Srivistava et al. [2001] described a 5-year-old boy with delayed motor development, hypotonia, wasting, and weakness. The age of onset was approximately 9-10 months. Cognitive development was normal, and his muscle weakness was predominantly distal. He was born to non-consanguineous parents and there was no family history of similar disease. Tests to detect the presence or absence of the SMN1 gene, homozygous deletions of which are found in most patients with spinal muscular atrophy (SMA), were performed on DNA extracted from peripheral blood leukocytes of the patient, his unaffected parents and brother, and normal controls. These tests also detect the presence or absence of the SMN2 gene. SMN2, but not SMN1, was homozygously deleted in this patient. Sequencing of exon 7 of SMN1 did not reveal any small, non-deletion mutations.
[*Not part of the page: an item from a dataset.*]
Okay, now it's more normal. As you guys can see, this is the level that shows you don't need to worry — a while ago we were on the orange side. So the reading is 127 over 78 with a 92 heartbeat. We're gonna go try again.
To quantitate the number of SMN1 and SMN2 gene copies in the patient, his family, and normal controls, the authors amplified and separated SMN1 and SMN2 using the method of van der Steege et al. [1995]. This method uses 35 cycles of polymerase chain reaction (PCR) and was designed to detect homozygous deletions of SMN1 (and/or SMN2). Because the amplification of SMN1 and SMN2 starts to plateau at approximately 26 cycles of PCR [Chen et al., 1999], the method of van der Steege et al. is inappropriate for the quantitation of SMN1 or SMN2 copy number. Fewer cycles of PCR, as well as genomic and internal standards, are required [McAndrew et al., 1997;Chen et al., 1999].
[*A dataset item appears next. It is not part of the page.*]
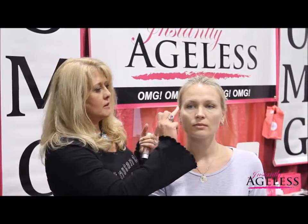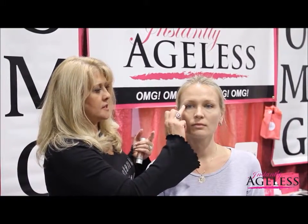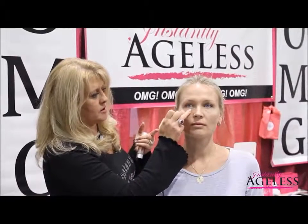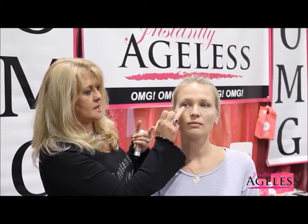You want to take a very small amount on one finger, then using your ring finger, apply a very thin layer. Lightly apply a very thin layer of Instantly Ageless facelift in a bottle. You want to leave the product a little damp on the face — applied very thin and left slightly damp.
The authors' conclusion that ''a deletion of SMN2 may also result in the SMA phenotype'' is misleading. Approximately 5% of normal, asymptomatic individuals lack both copies of SMN2 [Lefebvre et al., 1995]. Therefore, although the number of copies of SMN2 may affect the severity of SMA [Coovert et al., 1997;Lefebvre et al., 1997], homozygous deletion of SMN2, by itself, does not cause SMA.